Among the suffixes we cite in the first place –ter or –er, which is the suffix of kinship par excellence. Not only does it serve to constitute some of the most ancient terms of this series, but it kept its proper value after the parent language split into dialects and it remained productive. The initial state of this class suffix is furnished by the common ending of four fundamental designations which cannot be further analyzed: *pəter, *māter, *dhugh(ə)ter, *bhrāter; and, further, in kinship by alliance: *yen(ə)-ter ‘wife of the husband’s brother’.
These are primary words, which are unanalyzable, where this ending is constant and from which it has been extracted with its proper value. Later it was extended to new designations in at least some of the languages: *nepōt– ‘nephew’, or “son-in-law,” has a secondary formation *nepter, which was introduced into the declension of napāt– in Indo-Iranian; e.g. the Sanskrit accusative naptāram and the stem of the oblique cases in Avestan, nafəδr-, which goes back to *naptr-.

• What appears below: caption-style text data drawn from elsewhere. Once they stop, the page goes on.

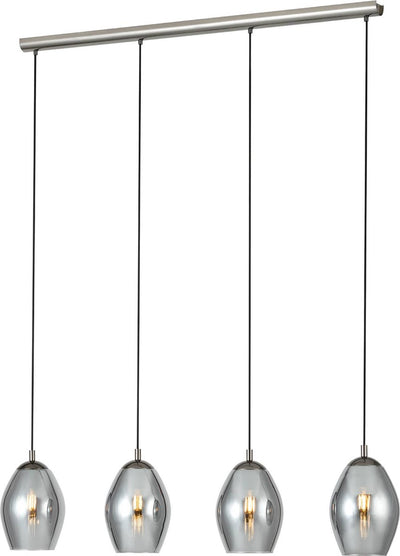 Lampe à suspension Eglo Estanys - e27 - 113 cm - verre fumé - gris noir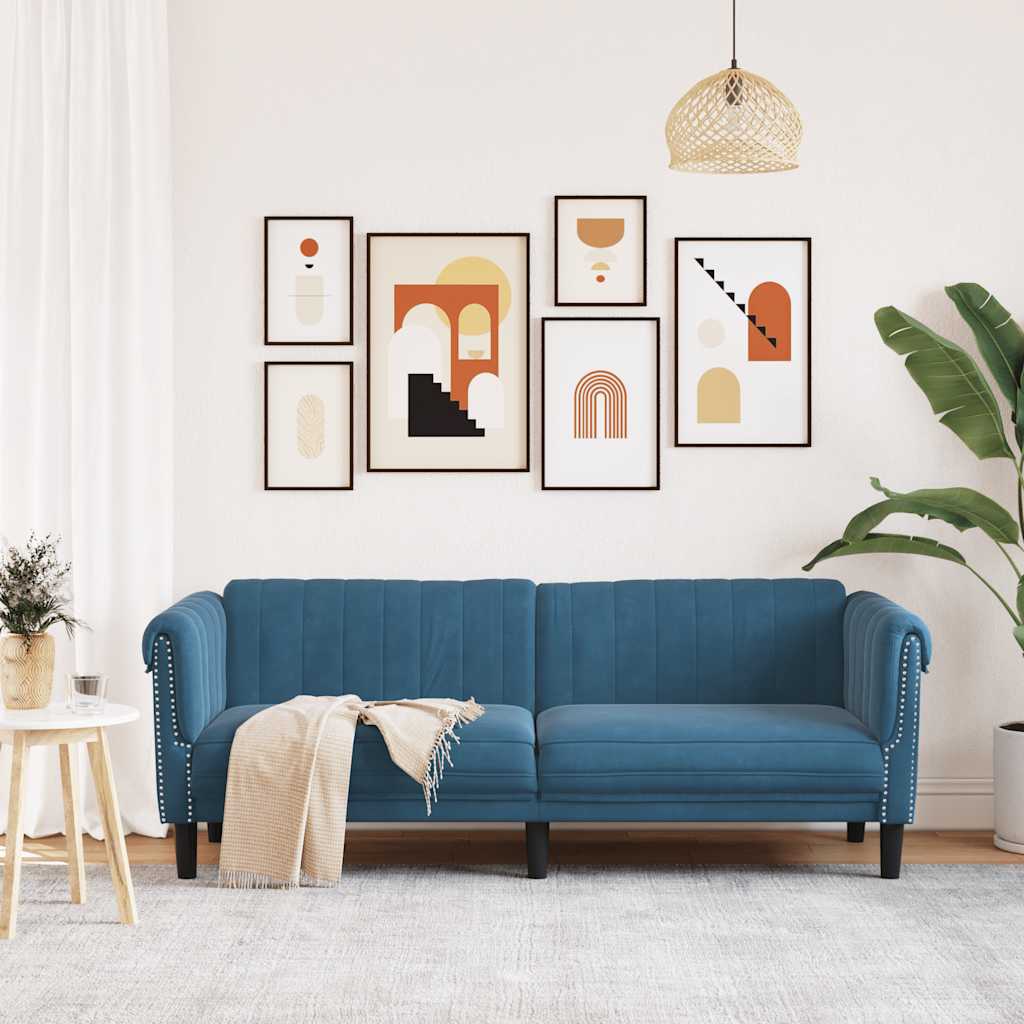 Driezitsbank fluweel blauw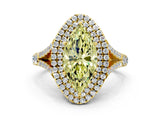 Yellow gold Fancy Yellow Marquise  Cut Double Halo Split Shank Diamond Ring with Prong Setting_30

The “son-in-law” is in Skt. jāmātar-, in Avestan zāmātar-. The corresponding form in the other languages also exhibits final –r, although the stem has suffered various alterations: Lat. gener, Gr. gambrós. Whatever the particular history of these forms may be, they all come from the same root, extended by a suffix in –er or –ter, and we can see that the –r– is secondary, from the fact that the Avestan terminology, alongside zāmātar– ‘son-in-law’, also has zāmaoya (= *zāmavya), probably “brother of the son-in-law,” which is today continued by Pashto zūm ‘son-in-law’.

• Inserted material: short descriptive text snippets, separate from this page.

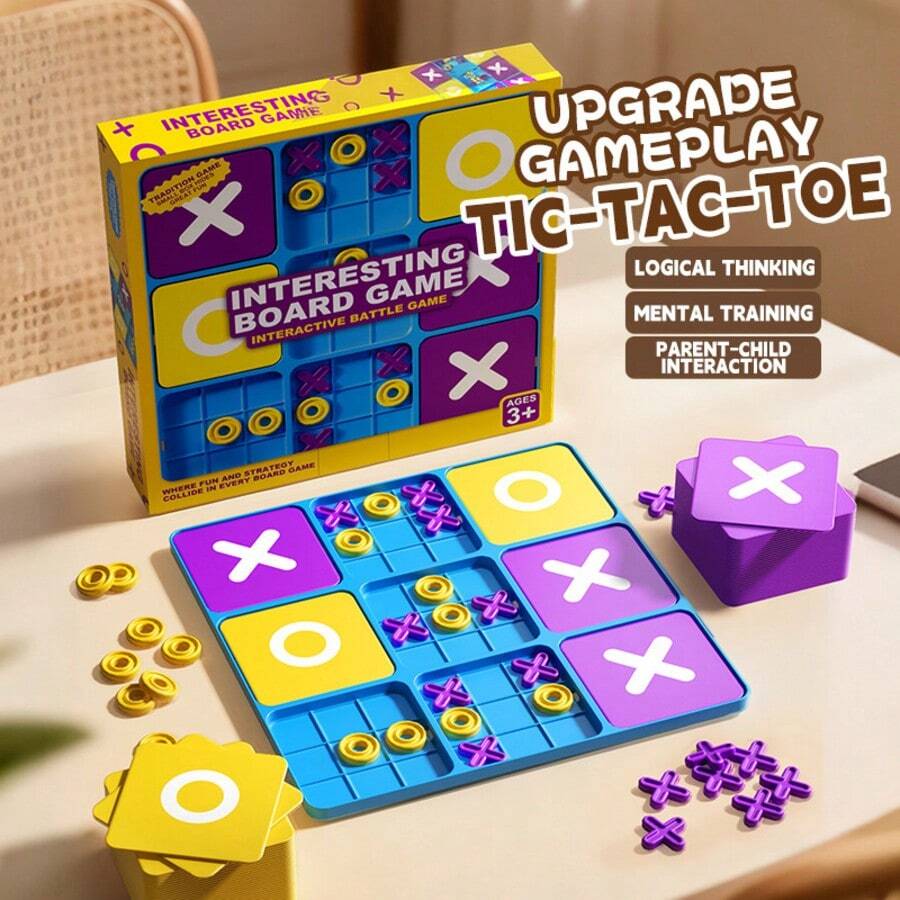 1pc 9-Grid XO Tic Tac Toe Board Game, Trains Logic Thinking, Perfect Gift For Birthday, Valentine's Day, Thanksgiving And Holidays, Great Thanksgiving Choice - Multicolor - View 1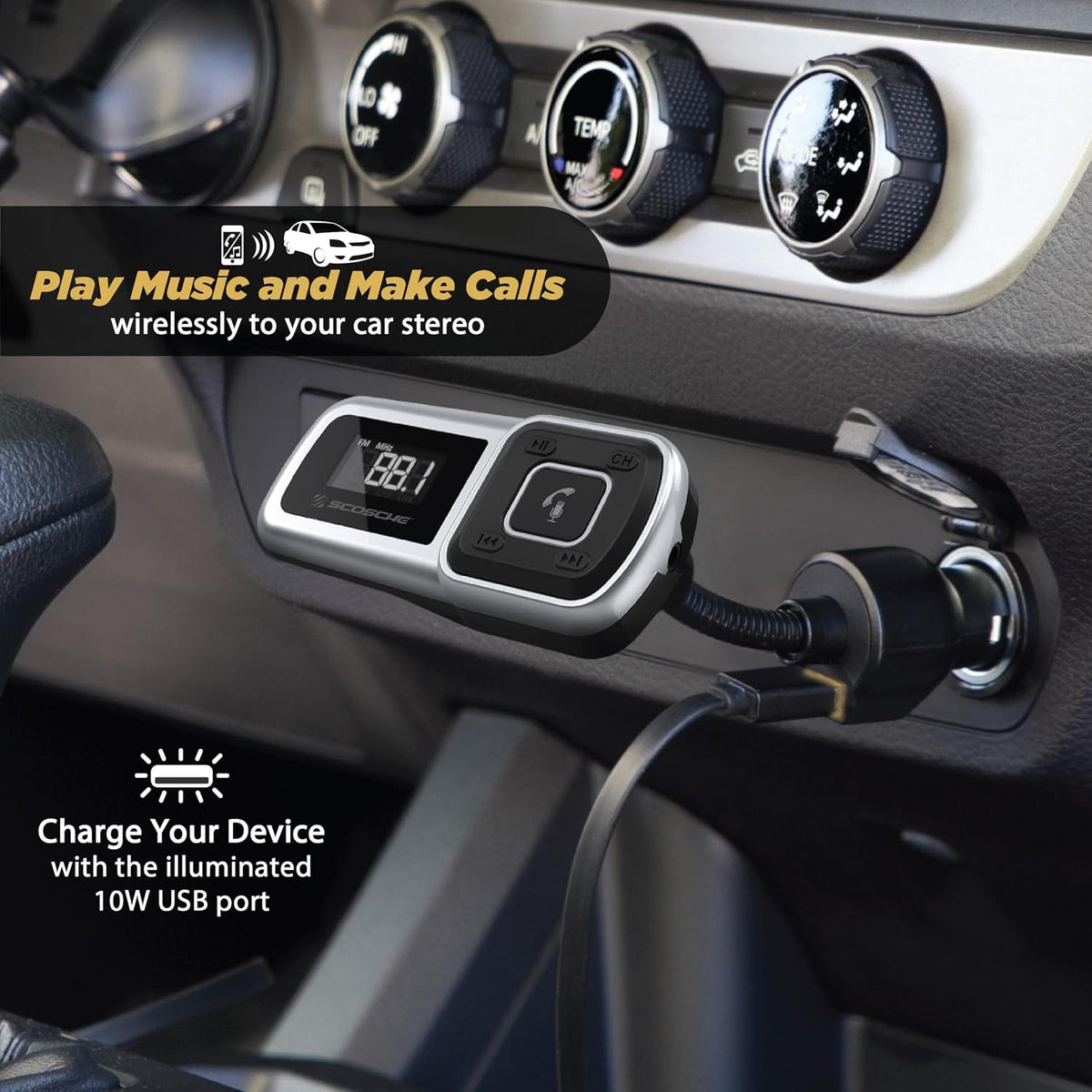 Scosche BTFMSR BTFREQ Universal Bluetooth Hands-Free Car Kit with Digital FM Transmitter and 10-Watt USB Car Charger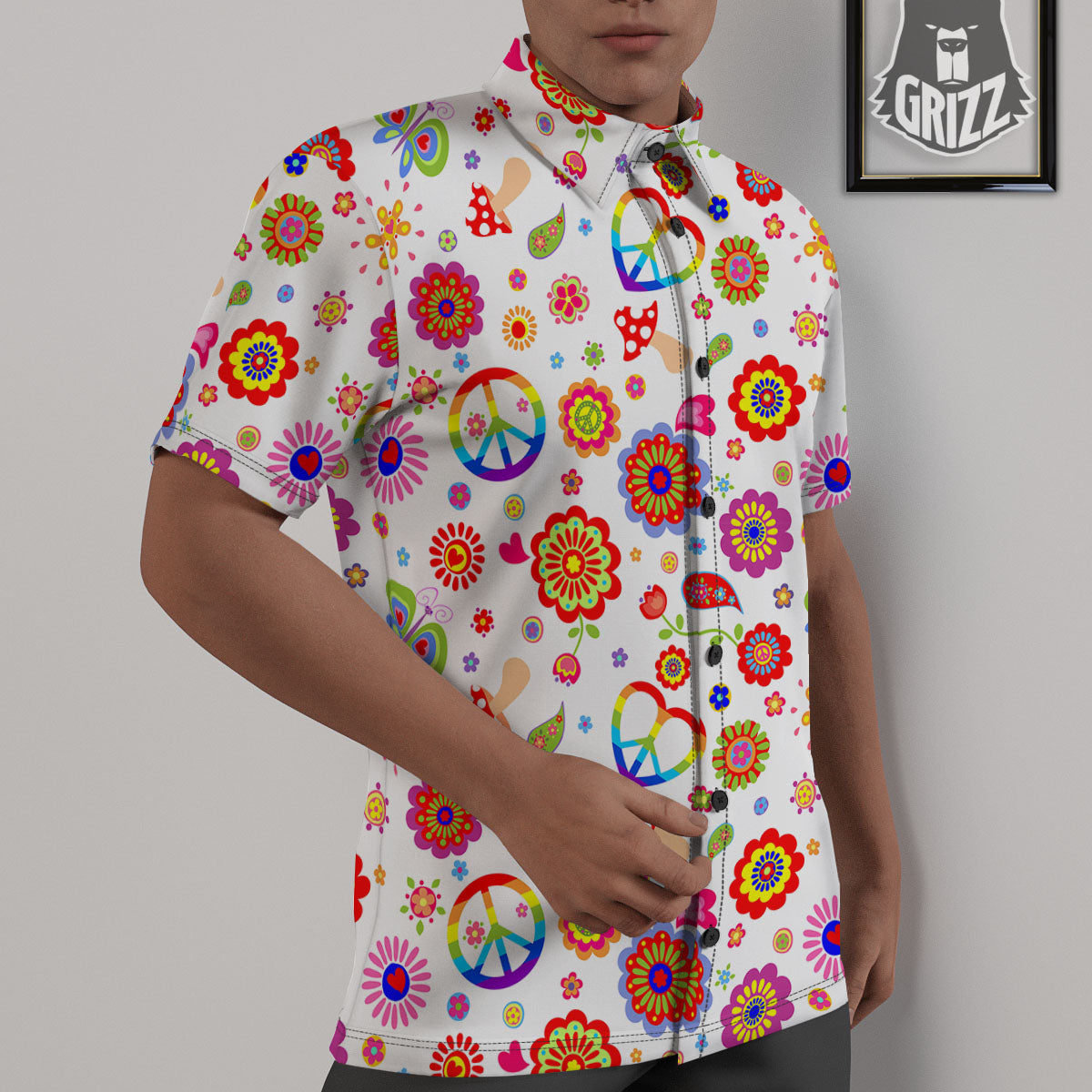 Heart Psychedelic Peace Sign Print Pattern Untucked Shirts-grizzshop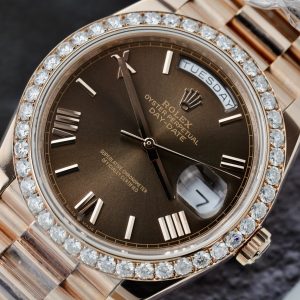 Rolex Day-Date 18K Gold Wrapped Bezel Moissanite Diamonds GM V3 40mm (13)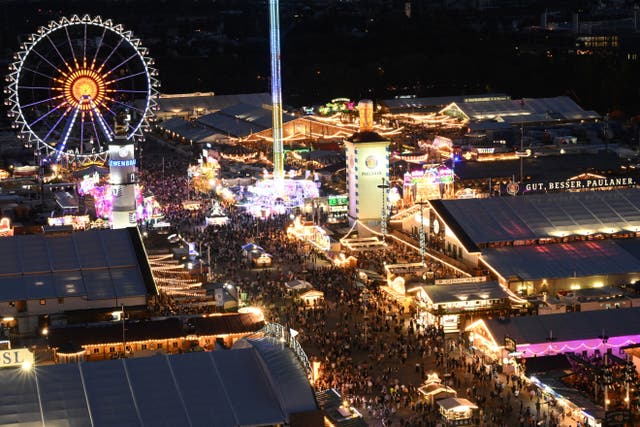 Visitors attend the 191st Oktoberfest, the world's largest beer festival in Munich, Germany, September 28, 2026.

There are terms connected with Latin avus, avunculus which in Celtic designate the maternal uncle: Welsh ewythr, Breton eontr, go back to *awontro-; we recognize here, in a thematic form, the same suffix –ter.
Let us recall finally *daiwer ‘husband’s brother’, Lat. lēvir, etc., everywhere with –er.
We see that the formation in –ter or in –er is from its origin attached to many terms of kinship. It remained productive of new terms in this lexical class in the subsequent history of the languages. One of the clearest examples of this extension is observed in Middle and Modern Persian, where this suffix, eliminated by the loss of endings, has been secondarily restored. After the ancient series pitar– ‘father’, mātar– ‘mother’, brātar– ‘brother’, duxtar– ‘daughter’ developed according to phonetic laws into pit, māt, brāt, duxt, the characteristic ending –or was restored, resulting in the present-day Persian forms: pidar, mādar, brādar, duxtar, and, by analogy, pusar ‘son’ (for pus). This process of morphological repair began in Middle Persian. Few suffixes have preserved such great vitality.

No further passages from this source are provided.